Une dynamique d’investissement

«Errare humanum est, sed perseverare diabolicum est» Persévérer, telle semble être la devise des décideurs politiques de la zone euro. Nous sommes embourbés dans une croissance anémique autoentretenue par la résignation de tous. La sortie de crise passe par l’initiative d’hommes d’Etat capables de galvaniser les énergies pour investir. Mais l’Europe d’aujourd’hui n’a pas d’hommes d’Etat ; ce sont au contraire nos gouvernements qui nous ont enfoncés dans la situation où nous sommes.

La baisse de l’investissement en Europe a atteint 20 % depuis la fin 2007, mais plus de 40 % dans les pays les plus dévastés d’Europe du Sud. L’obsession des dettes anesthésie les dirigeants qui refusent de voir que seule une politique réanimant le dynamisme économique peut consolider les dettes dans la durée. S’il est une idée qui réunit Keynes et Schumpeter, c’est que seule la projection de l’économie vers l’avant, par l’investissement porteur d’avenir, permet aux sociétés frappées par une crise profonde de se régénérer.

La croissance soutenable doit rassembler une double ambition : d’une part créer des emplois et former de nouvelles compétences, c’est-à-dire revaloriser le travail ; d’autre part reconnaître la dette écologique en stoppant puis en inversant la détérioration de l’environnement.
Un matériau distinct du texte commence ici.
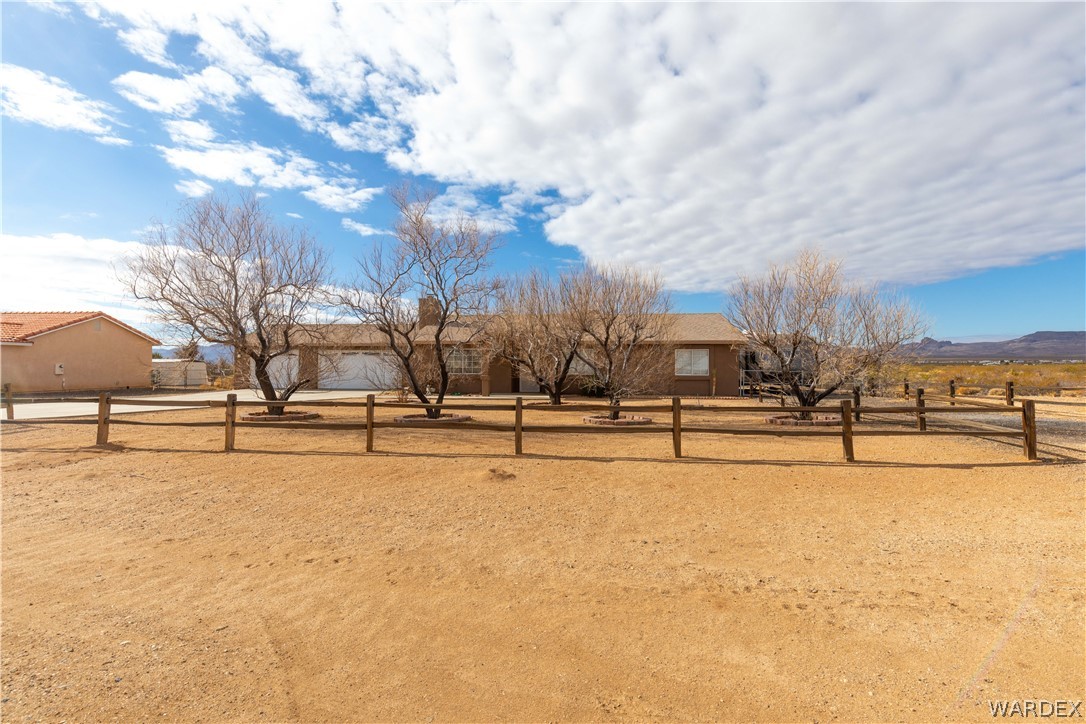 3697 Milky Way Road Golden Valley, AZ 86413 - Photo 10 of 48 Gallery Image 10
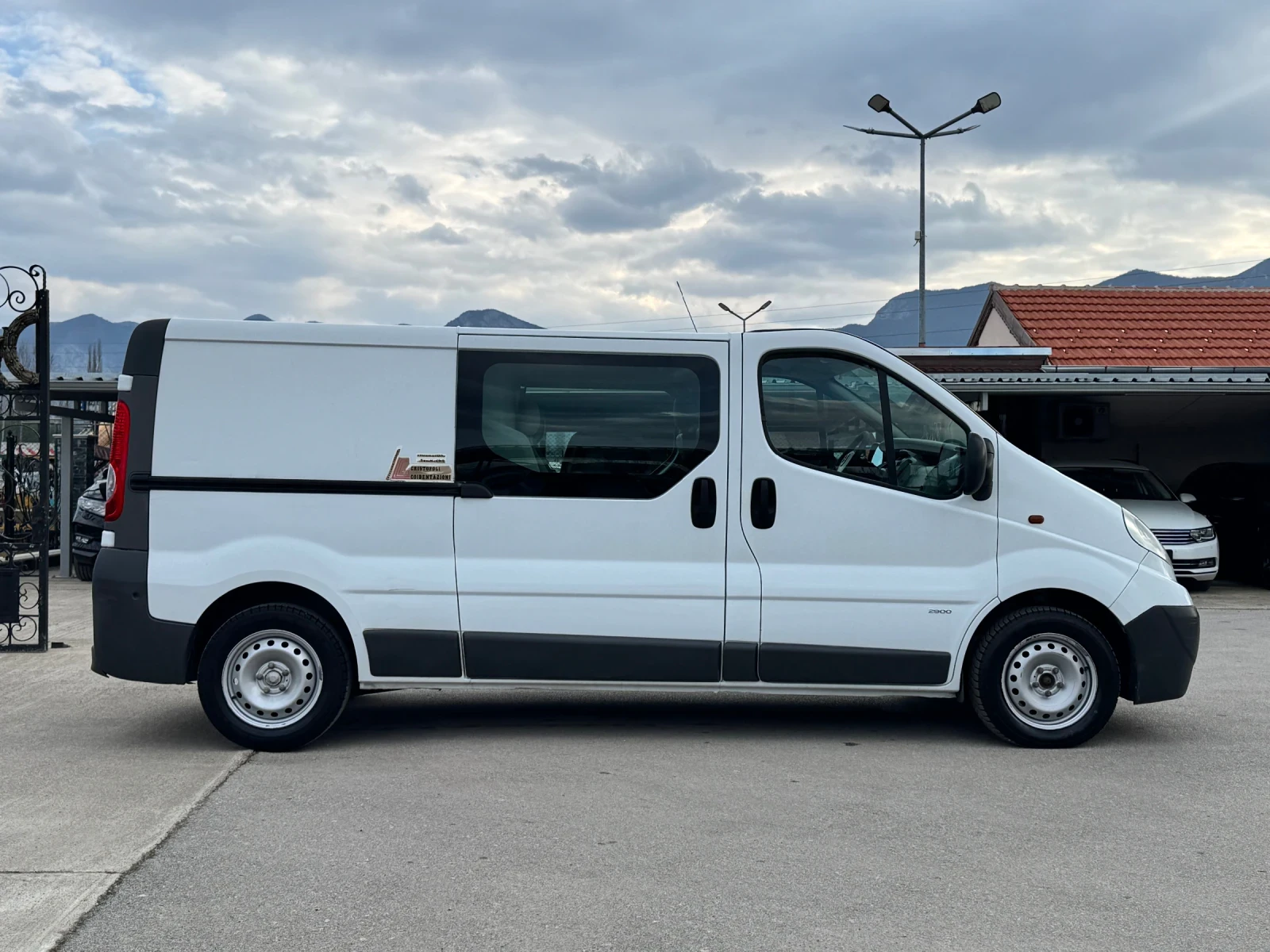 Opel Vivaro 2.0DCI ИТАЛИЯ, снимка 4 - Бусове и автобуси - 54046491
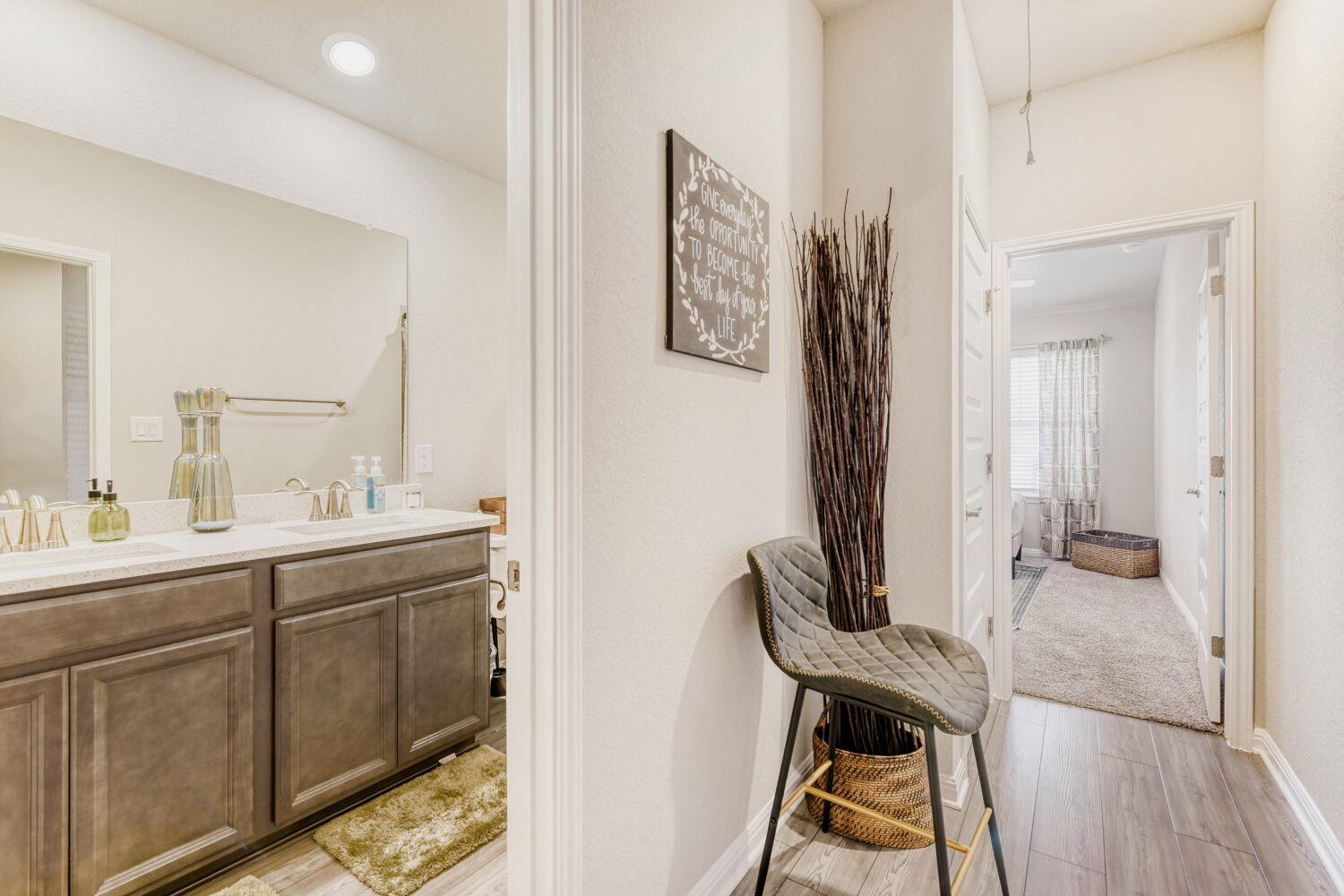 1005 Main St, Hutto, TX 78634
Puisque la Commission européenne est enfin sortie de son tabou anti-interventionniste en endossant le plan Junker et que la Banque centrale européenne (BCE) a décidé d’une politique d’accroissement de son bilan, il faut s’appuyer sur ces frémissements pour circonscrire l’inertie des gouvernements.

Retard d’investissement

On peut rassembler ces deux objectifs dans une proposition cohérente de financement de la transition énergétique qui ne sollicite pas les budgets des Etats. Elle s’inscrirait en outre dans les engagements du Conseil européen pour le « paquet énergie climat 2020 » – 20 % de réduction des émissions de CO2, 20 % d’augmentation des énergies renouvelables, 20 % de hausse de l’efficacité énergétique – qui ne seront pas respectés si le retard d’investissement se poursuit.

Elle couvrirait quatre types d’investissements : l’offre d’énergie renouvelable, les réseaux intelligents de distribution d’électricité, la rénovation des bâtiments pour élever l’efficacité énergétique et diminuer l’émission de carbone, les réseaux de transport ferroviaire et de mobilité urbaine. Tous ces investissements sont porteurs d’innovation. Les deux dernières catégories sont fortement créatrices d’emplois, mais exigent de former de nouvelles compétences. Les montants concernés atteindraient 1 000 milliards d’euros jusqu’à 2020, la taille critique nécessaire pour changer le régime de croissance.

Pour que ces investissements aient un effet puissant d’incitation sur le secteur privé, il faut découpler la valeur sociale du carbone – qui doit être élevée pour offrir des rendements attractifs aux projets – du prix de marché du carbone, actuellement très bas mais dont une forte augmentation serait aujourd’hui insupportable. Cela veut dire que les investissements pour relancer la croissance ne peuvent être financés actuellement par les marchés avec l’ampleur nécessaire. Ils ne peuvent pas plus l’être par une taxe carbone élevée. Il faut donc envisager un autre mécanisme financier.

Créateurs de revenus

Seule une valeur du carbone élevée et garantie par la puissance publique permettrait d’orienter l’investissement vers ces projets. Des agences indépendantes certifieraient que cette réduction a bien eu lieu, et délivreraient dans ce cas des certificats aux entreprises.

Ces certificats pourraient être transmis par les entreprises à leurs prêteurs en remboursement des crédits, et les prêteurs pourraient les transférer à la banque centrale qui les accepterait sous la forme d’actifs carbone dans son bilan, à hauteur de ce que l’Etat garantit par sa politique de soutien de la croissance.

En achetant des actifs carbone garantis au lieu de titres de dettes publiques existantes, la BCE acquerrait des actifs privés directement créateurs de revenus. Le financement monétaire des investissements nouveaux relancerait la croissance, et écarterait le risque de déflation.

Michel Aglietta, Centre d’études prospectives et d’informations internationales.